About this exercise — All that is needed is an exact copy of the lines from the beginning of the data below through the line containing "A close-up shot", minus the pictures.

Materials provided —
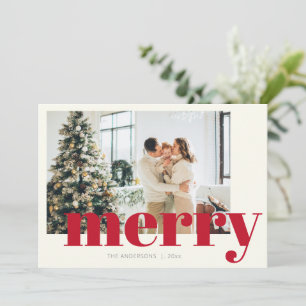 Cartão De Festividades Elegante Tipografia de Natal Foto Moderna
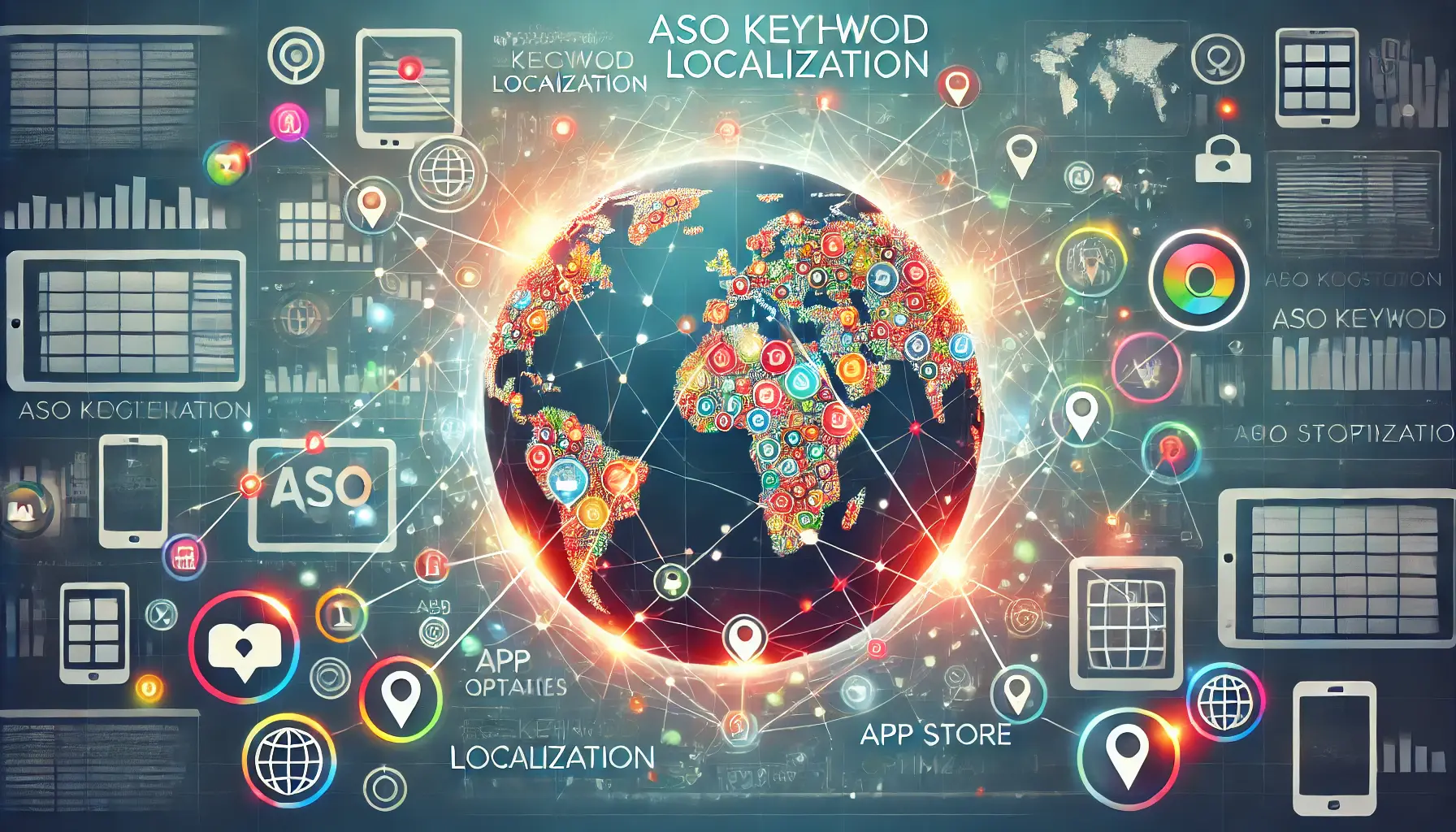 Global connections representing app store optimization and localization for mobile apps, with a world map and subtle mobile device icons.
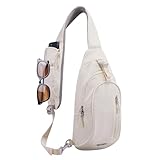 [ウォーターフライ] ボディバッグ ワンショルダーバッグ 斜め掛けバッグ メンズ: 小さめ ショルダーバッグ 軽量 肩掛けバッグ コンパクト シンプル 背面メッシュ ショルダー付替え可能 スポーツ カジュアル レディース 2way アイボリー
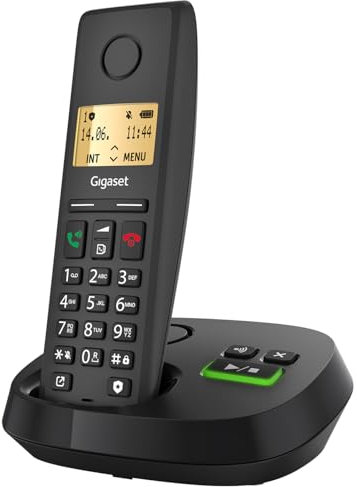 Gigaset Pure 220A - Schnurloses DECT-Telefon mit Anrufbeantworter - mit Call-Block-Taste und Freisprechfunktion - 80 Kontakten, anthrazit schwarz [Kompatibel in DE, IT, FR, NL, BE, Che, AUT]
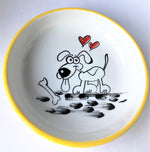 Load image into Gallery viewer, BW Dog Loves a Bone Ceramic Bowls
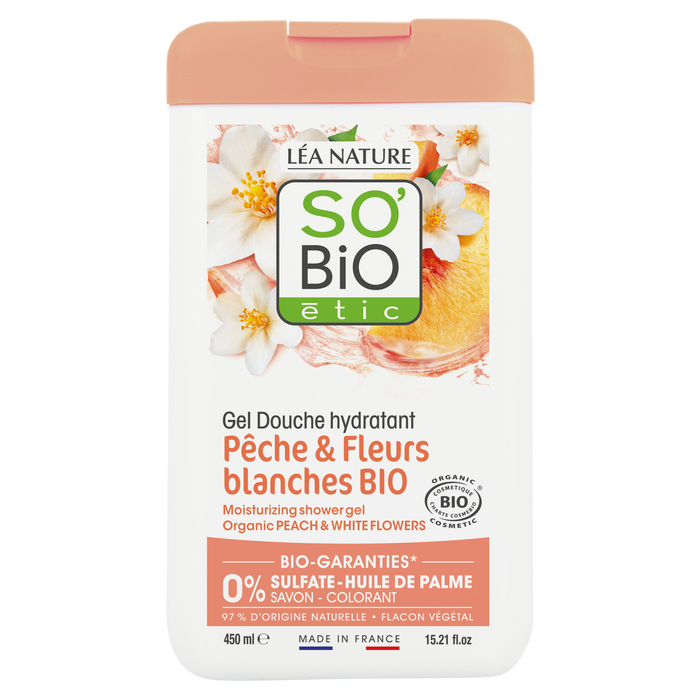 Boho Cosmetics Vente Gel Douche Hydratant Pêche Et Fleurs Blanches Bio - Douches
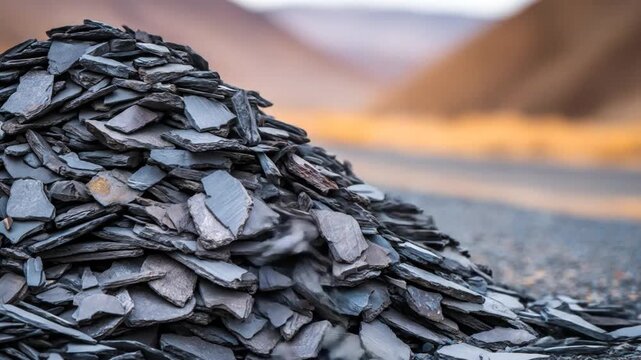 A close-up shot showcasing a pile of slate fragments with a blurry background of a mountain range
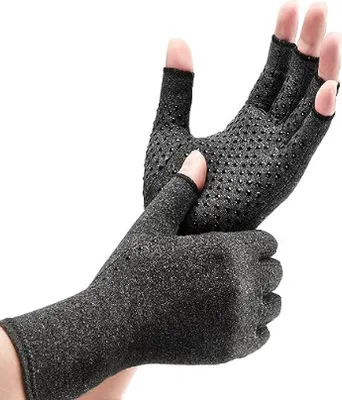 Produktbild von Kompressions-Arthritis-Handschuhe, fingerlose Kompressionshandschuhe für Karpaltunnel, Schwellungen und alle Arten von Handschmerzen, atmungsaktives, feuchtigkeitsableitendes Gewebe (L)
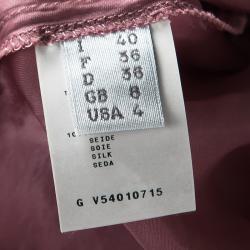Philosophy di Alberta Ferretti Pink Silk Frayed Neck Detail Long Sleeve Dress S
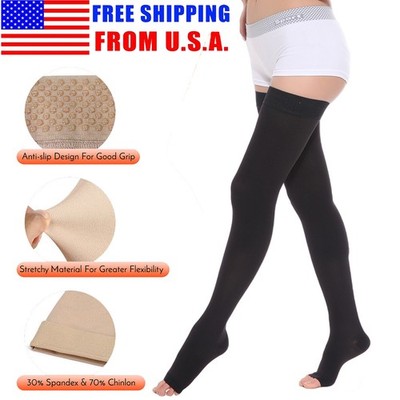 Thigh High Open Toe Compression Stockings with Silicone Band for Swollen Legs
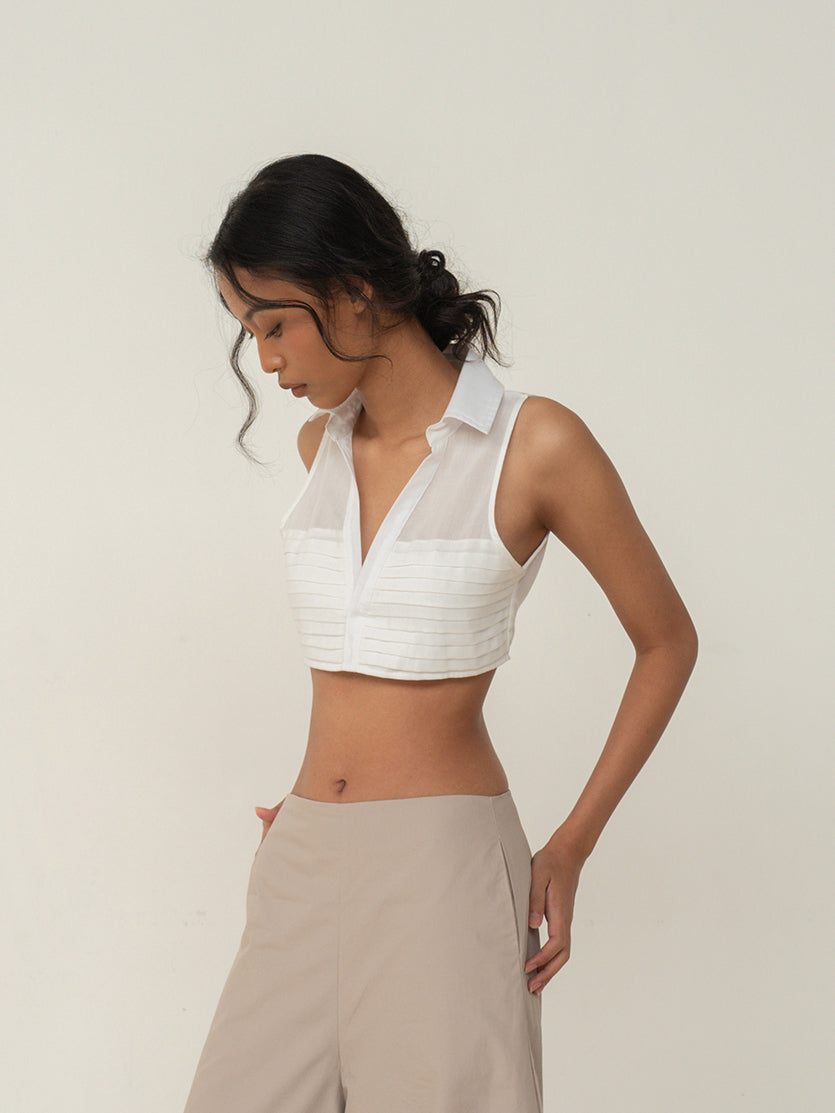 SAYA - SAYA X ANAZ - EMMA - CROPPED SLEEVELESS SHIRT TOP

Result —
 Cartão De Festividades Elegante Tipografia de Natal Foto Moderna
 Global connections representing app store optimization and localization for mobile apps, with a world map and subtle mobile device icons.
 [ウォーターフライ] ボディバッグ ワンショルダーバッグ 斜め掛けバッグ メンズ: 小さめ ショルダーバッグ 軽量 肩掛けバッグ コンパクト シンプル 背面メッシュ ショルダー付替え可能 スポーツ カジュアル レディース 2way アイボリー
 Gigaset Pure 220A - Schnurloses DECT-Telefon mit Anrufbeantworter - mit Call-Block-Taste und Freisprechfunktion - 80 Kontakten, anthrazit schwarz [Kompatibel in DE, IT, FR, NL, BE, Che, AUT]
 Load image into Gallery viewer, BW Dog Loves a Bone Ceramic Bowls
 Boho Cosmetics Vente Gel Douche Hydratant Pêche Et Fleurs Blanches Bio - Douches
 A close-up shot showcasing a pile of slate fragments with a blurry background of a mountain range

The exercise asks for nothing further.